The World is going to Hell: The inexorable forces of humanity are overwhelming wildlife. In my Wildlife Politics book's final chapter, I discuss how there are two competing themes in the U.S. wildlife conservation movement--one of optimism by the "new conservationists" and one of pessimism by more traditional conservationists. A major reason for the emphasis on optimism is that a purely gloomy outlook is not likely to engender enthusiasm and attract new followers to the conservation movement and I certainly agree with this idea. However, as I continue to follow developments reporting the status of wildlife in the world, I find it hard to maintain this optimism. Recently on Sunday in May, I read reviews of the following books in the New York Times book review: (1) Life and Death Along the Colorado River David Owen. May 28 2017 (2) THE DEATH AND LIFE OF THE GREAT LAKES by Dan Egan, and (3) THE GULF
The Making of an American Sea by Jack E. Davis. I was struck by common themes of the books that humanity has transformed nature to its wants but in the process is endangering other wildlife and created problems that appear insoluble—in other words, the Earth is going to hell. This resonated with other notable articles that I will cite below that contribute to a pessimistic assessment of the prospects for wildlife conservation. I know that there are some significant positive developments (which I will cite below too) but overall, the seriousness of the problems makes it hard for me to understand why these environmental-conservation issues are not more visible in politics and why the need to deal with them does not have a higher priority for humans? In general, the vast majority of people support efforts to maintain or improve the environment according to all surveys but unfortunately, the priority given to conservation-environmental issues so low that there is no powerful political movement to give top priority to them. I do not see any solution to these problems other than massive disasters that make headlines.

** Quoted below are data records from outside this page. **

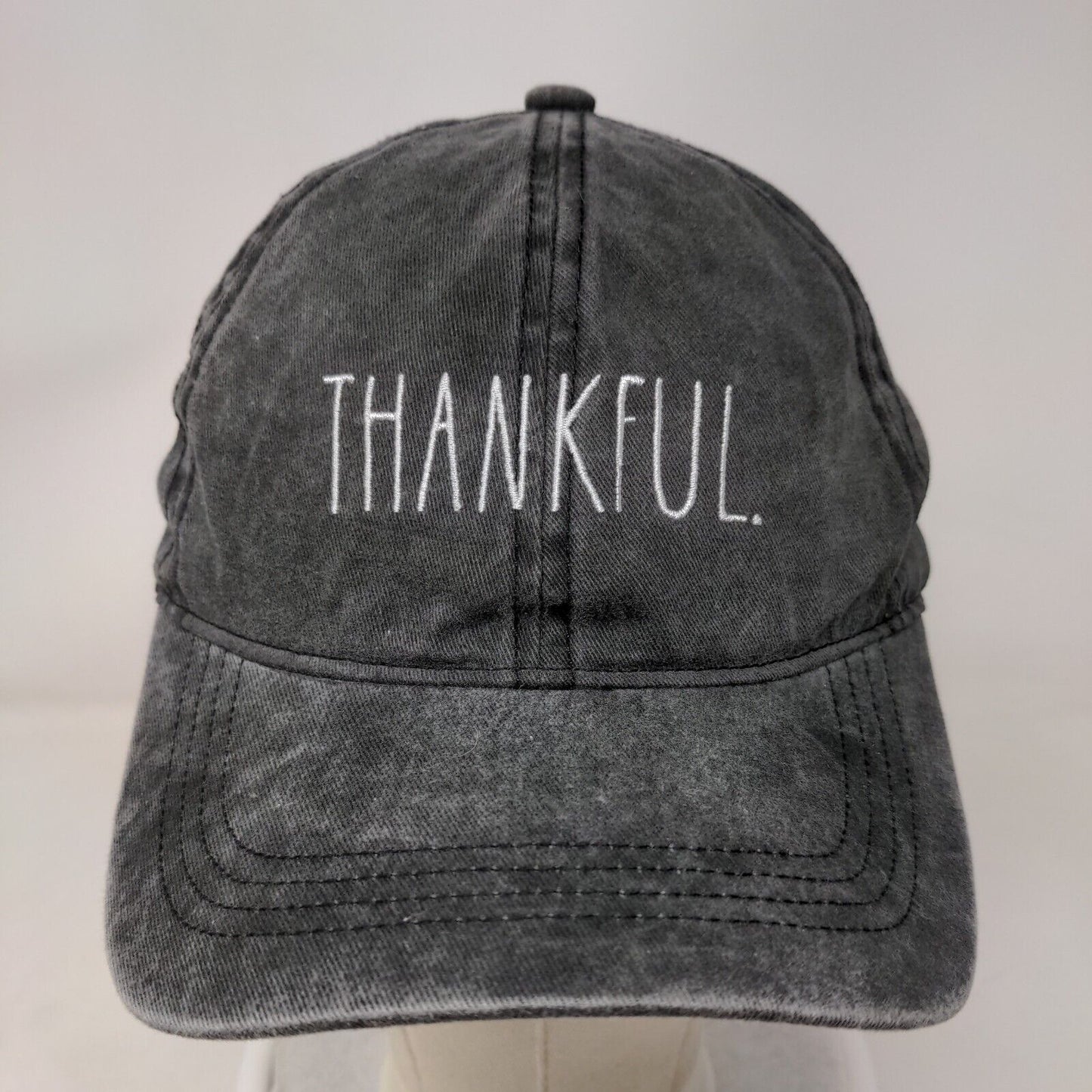 Thankful Slideback Hat Gray OSFM Embroidered Adjustable 6 Panel Rae Dunn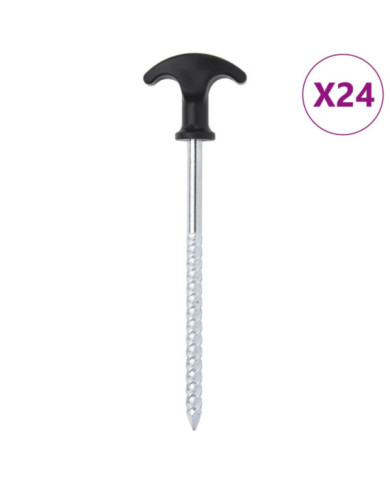 Piquets de tente 24 pcs 17 cm Ø7 mm acier galvanisé | Mobilier & Déco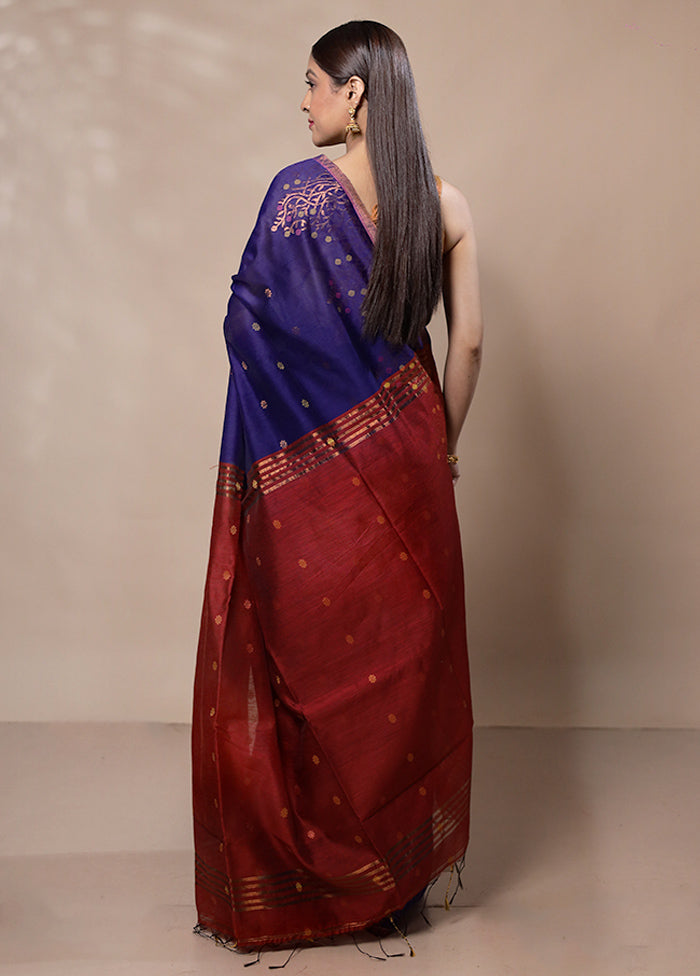 Violet Khadi Cotton Saree With Blouse Piece Discount Release Dates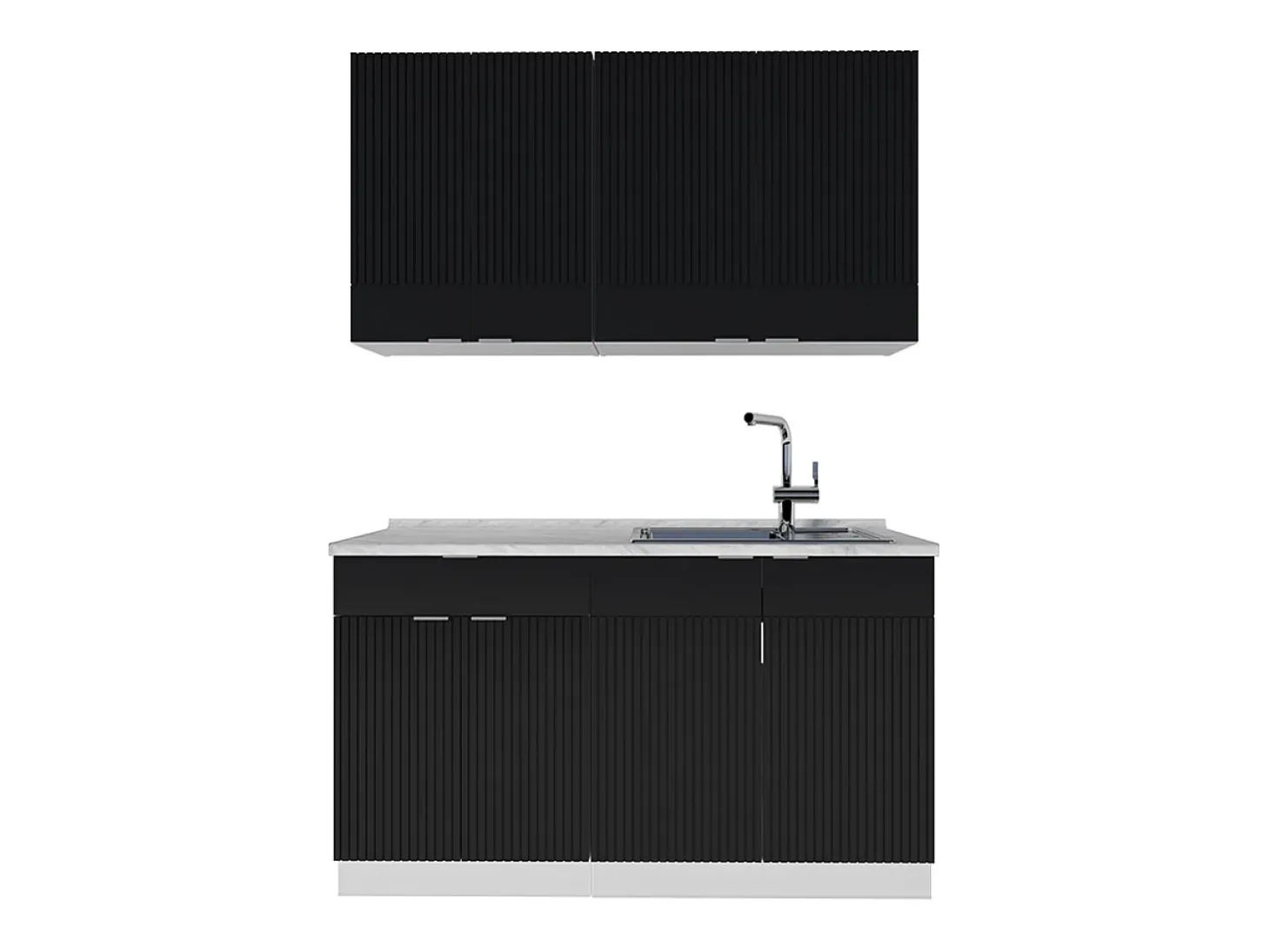 Cocina para solteros negro a rayas/blanco 140x46x81.6 fame-line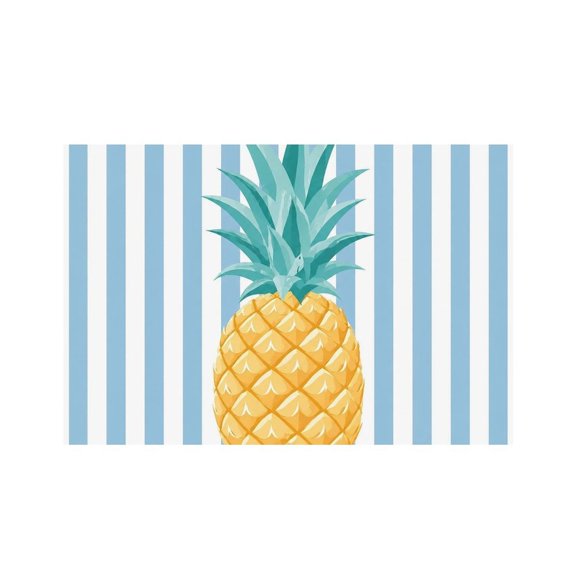 RKSupls Pineapple Stripe Summer Fruit Linen Placemats 30x45cm Straight Edge Stain Resistant Washable Non-Slip Table Mats Table for Kitchen Dining Room Home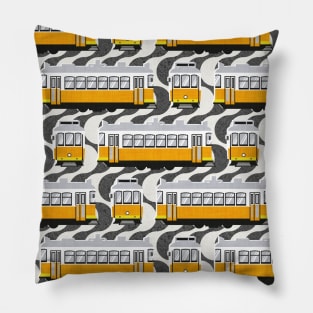 Lisbon trams // Portuguese Rossio cobblestone inspiration background lemon lime and marigold transport Pillow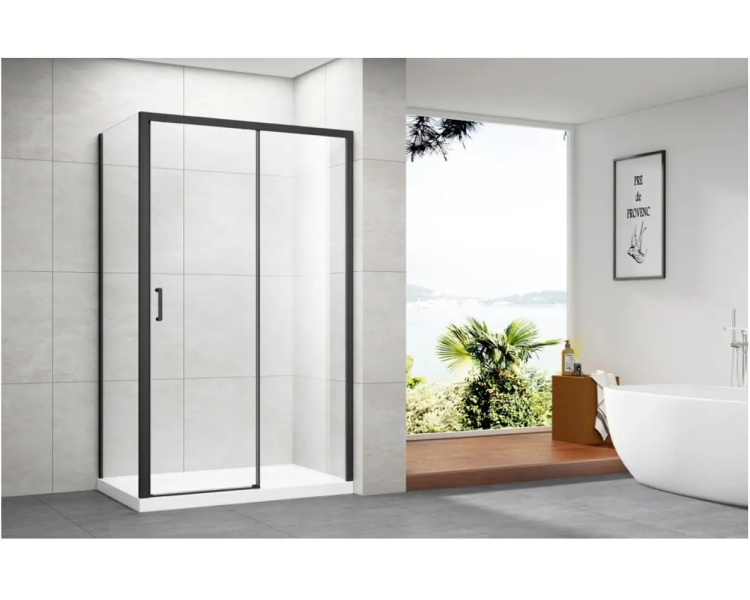 Черная прямоугольная кабина Sunways Vision 120x80 см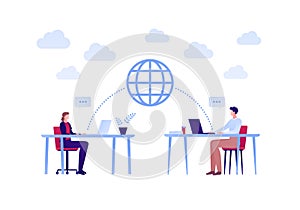 Business global team work concept. Vector flat person illustration. Male and female sitting with laptop, planet and talk bubble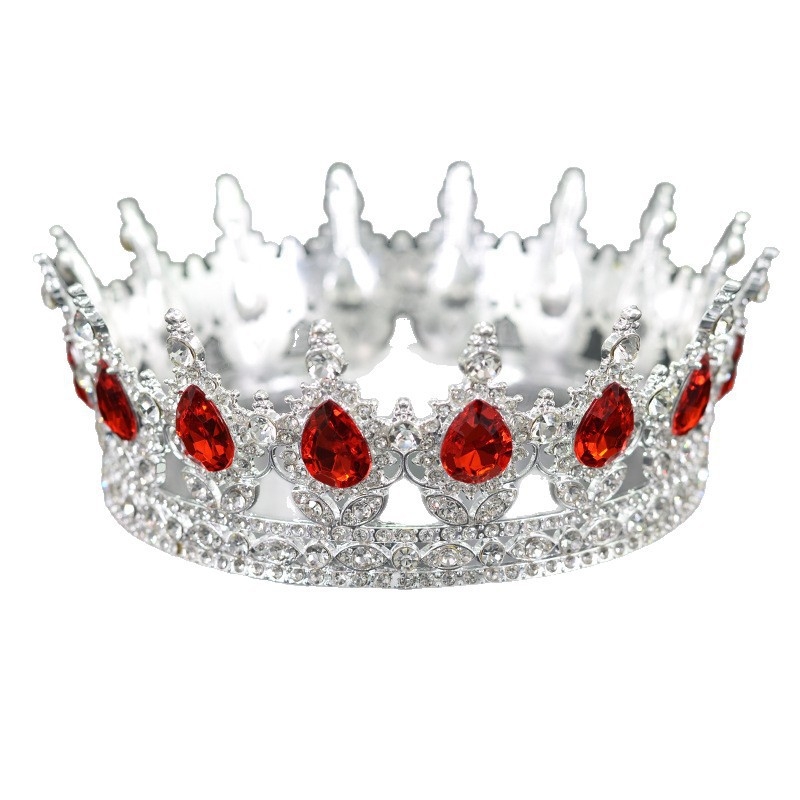 Vjenčana tiara Barokna kružna kruna s 16 kapljastih kristala, legura, dijamantna obrada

Owen’s book, Where the Water Goes: Life and Death Along the Colorado River, has very little to say about wildlife issues directly—the only discussion include short sections on invasive species that are blocking a dam’s intake gratings and the Salton Sea lake in California that is much more salty than the oceans and has killed many fish and birds species that use it. However, the description of the huge importance of water rights demonstrates that access to and usage of water is all important—to sustain populations, development, and agriculture. He shows how the “compact” that allocates water from the Colorado River is, in a sense, nonsensical since it gives water rights that don’t add up---there is not nearly enough water for promised water to be taken by states as promised in the compact. However, Owens notes that the compact has endured because states fail to push for their full rights because they know if they did, the entire compact and hence water allocation system would break down and could make matters worse. The book does not offer any solutions. It describes how desalination is very expensive and requires great energy sources to support it. If desalination is implemented, it will allow development in environmentally disastrous places (note: DuBai is one place that is established on basis of desalination and is able to do so because of its fossil fuels.) He notes that organic vegetables use especially heavy amounts of water and rely on manure. He characterizes cloud seeding as akin to moving money from “one pocket to another.” He argues that “managing growth” such as placing limits on development in urban areas would simply result in more sprawl and that “densely populated cities” make “wild places possible.” He studies other “solutions” such as seeding clouds and desalination but none of them are likely to work. He points out that western states and the Federal government in trying to deal with the situation face a “Catch 22” type of conundrum—the formal compact allocates far more water to various states and users than can be provided” and if they pushed for their “full legal rights” of water, the entire compact would be blown-up and matters could be worse. He points out that western states hate the Federal government but without investment of Federal government, there would be even less water to fight over.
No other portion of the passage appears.